+++ MATERIAL TO PROCESS

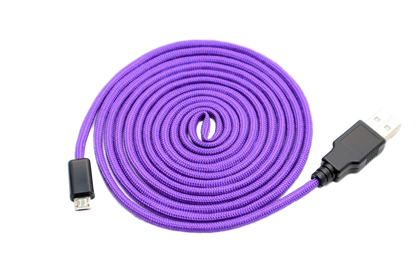 Epic Purple Paracord Mouse Cable Micro USB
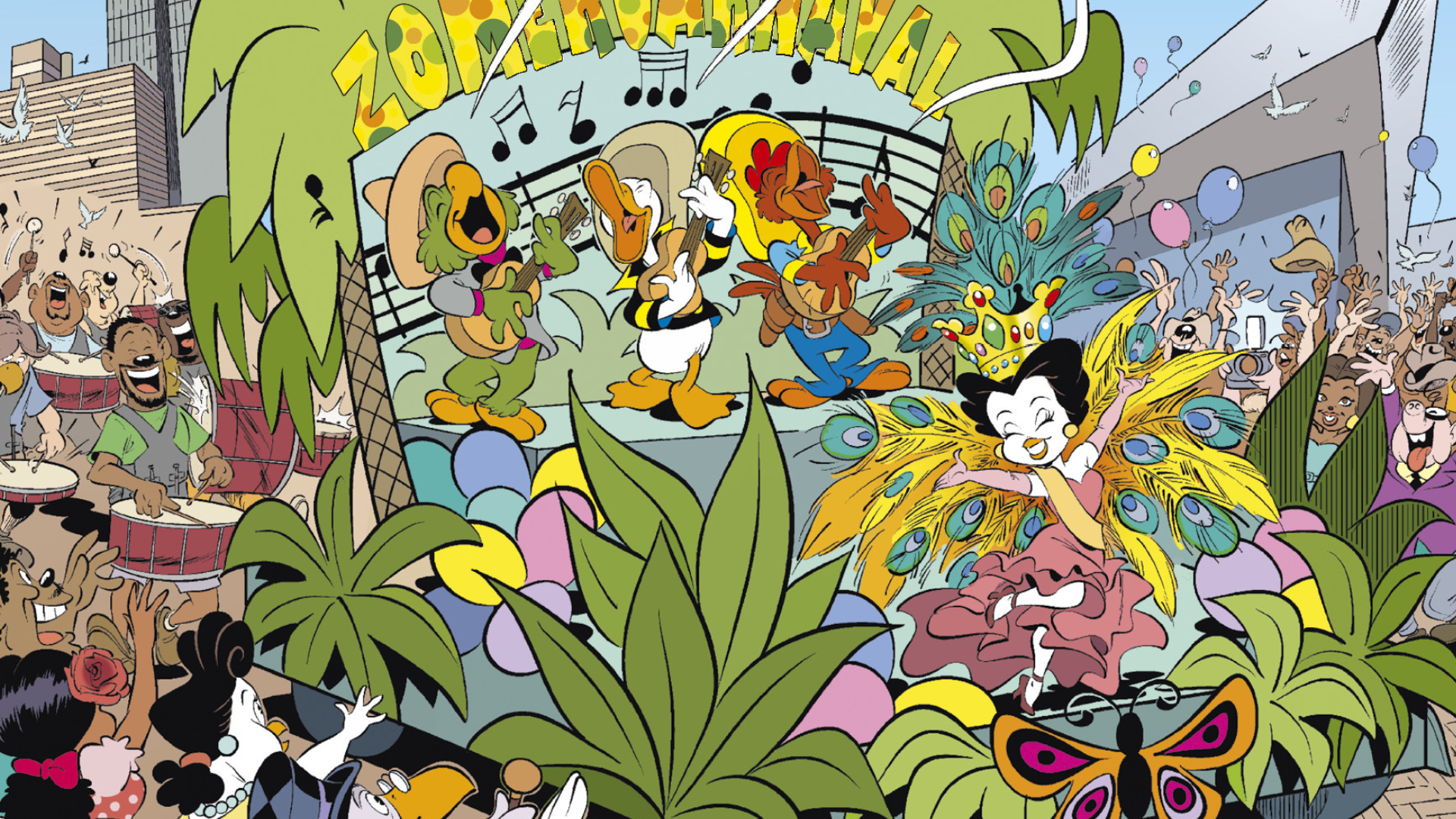 Donald Duck beleeft nieuw avontuur op Zomercarnaval in Rotterdam.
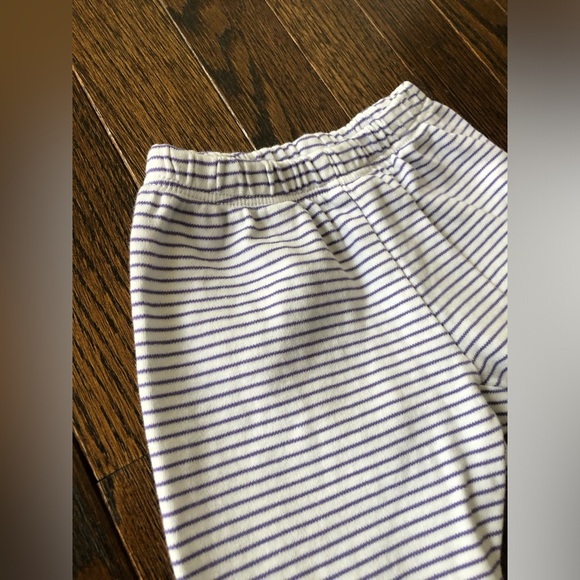 Magnolia Baby Girls 6M Purple/White Striped Orange Ruffle Pants 100% Pima Cotton - Picture 3 of 6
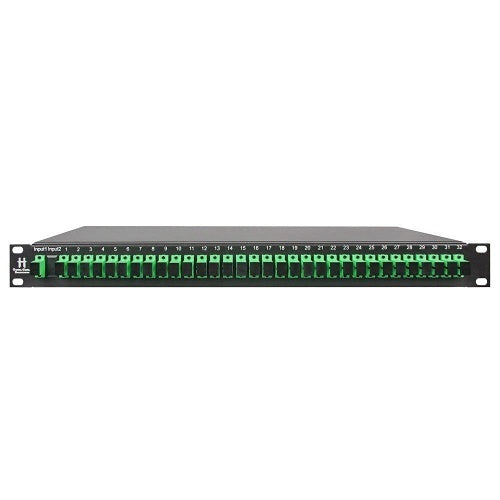 Lynn Electronics FS-132-SA1-R Fiber Splitter, 1x32, Silver Coated Copper, APC IN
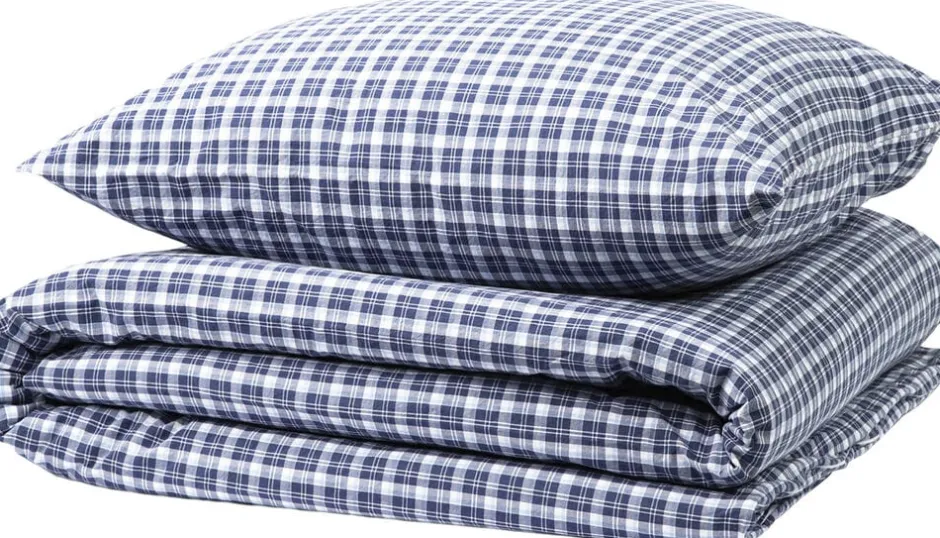 Sengetøj & Lagner<Magasin du Nord Collection Stonewashed sengesæt Navy/white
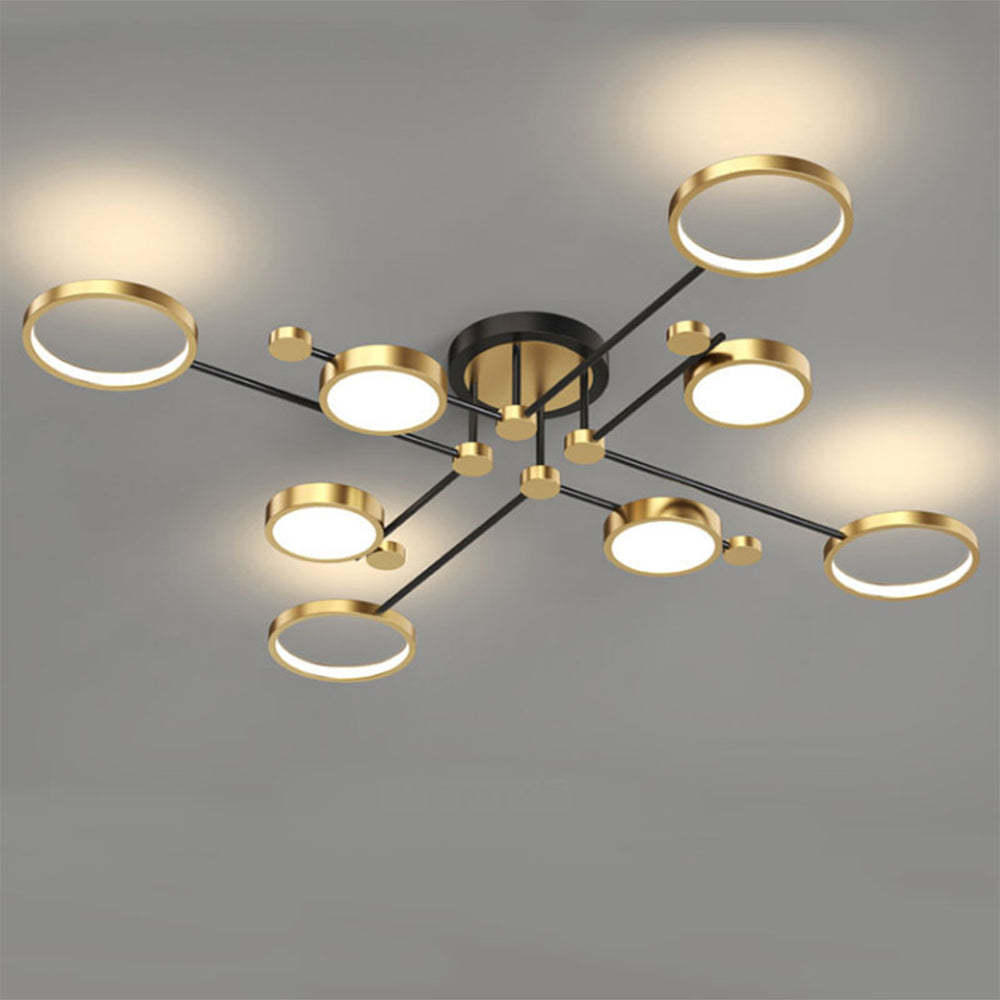 Modern Luxurious Metal LED Living Room Ceiling Light   SKU 未定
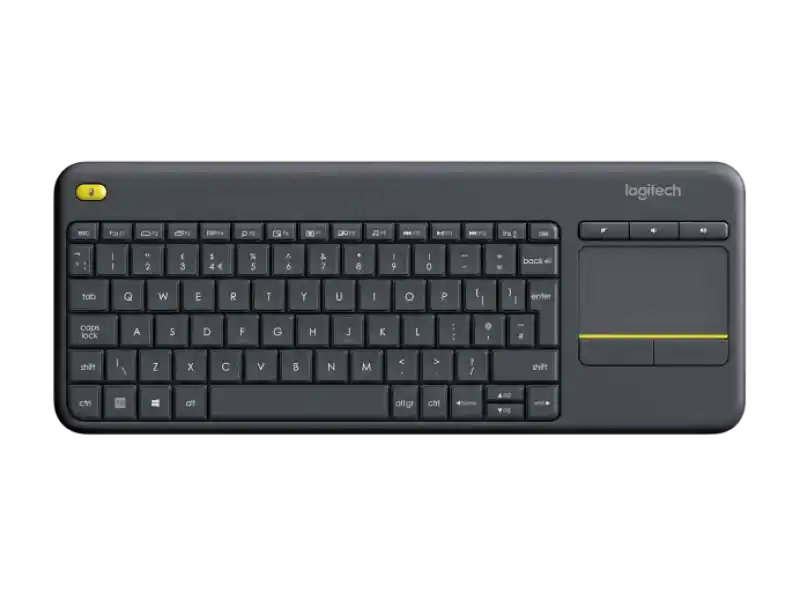 Wireless Touch Keyboard Logitech K400 Plus, Compact, Touchpad, 12 FN keys, Quiet typing, Unifying re
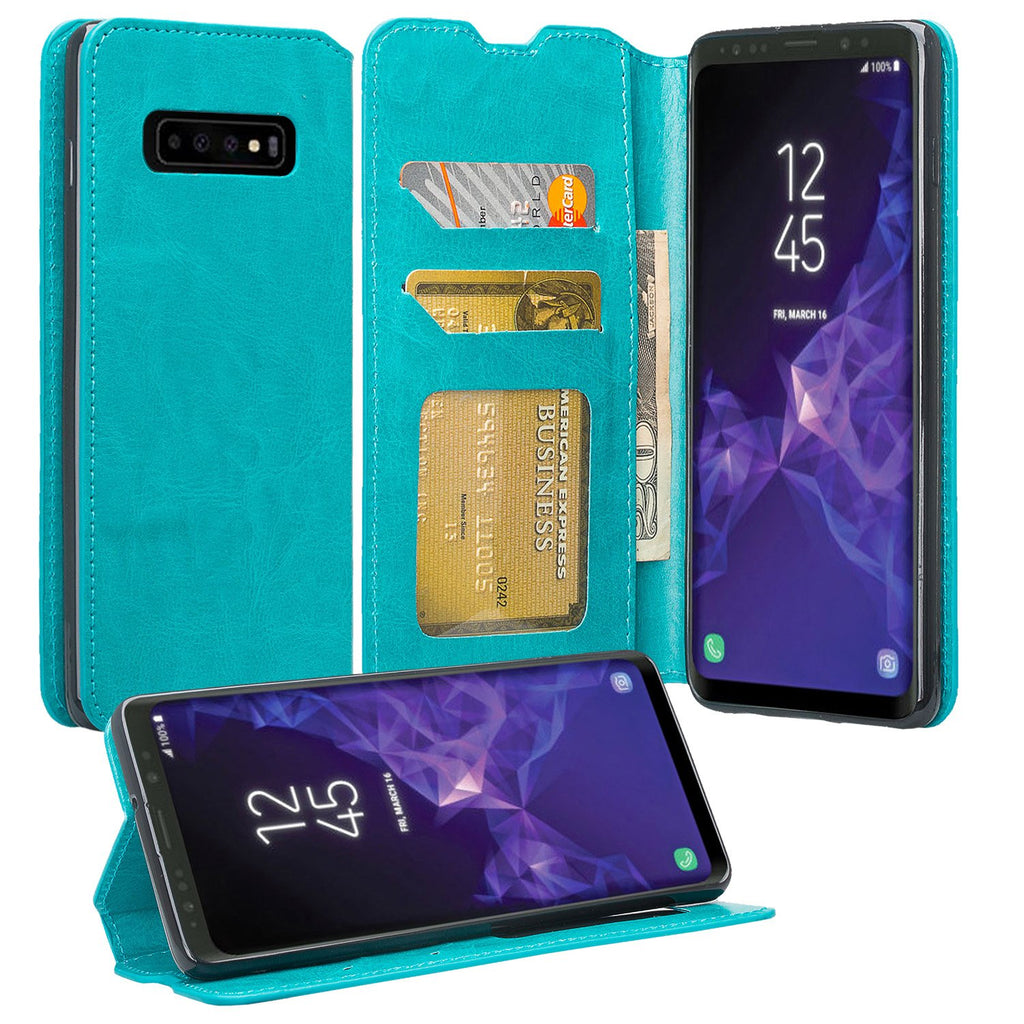 Samsung Galaxy S10 Wallet Case - teal - www.coverlabusa.com
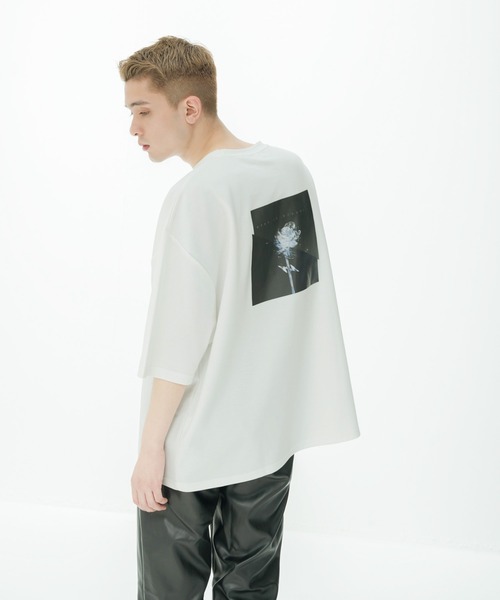 NILWAY（ニルウェイ）の「イージーケアポンチバックプリントグラフィックビッグTシャツ（Tシャツ/カットソー・メンズ・ホワイト/ブラック/ホワイト系/ブラック系・MEDIUM/LARGE）」の6枚目の写真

++++++

Your output should be the lines from the line containing "Samsung Galaxy S10" through the last line of the listing above, restated exactly, with no pictures among them.

# [EXERCISE SOLUTION]
 Samsung Galaxy S10 Wallet Case - teal - www.coverlabusa.com
 NILWAY（ニルウェイ）の「イージーケアポンチバックプリントグラフィックビッグTシャツ（Tシャツ/カットソー・メンズ・ホワイト/ブラック/ホワイト系/ブラック系・MEDIUM/LARGE）」の6枚目の写真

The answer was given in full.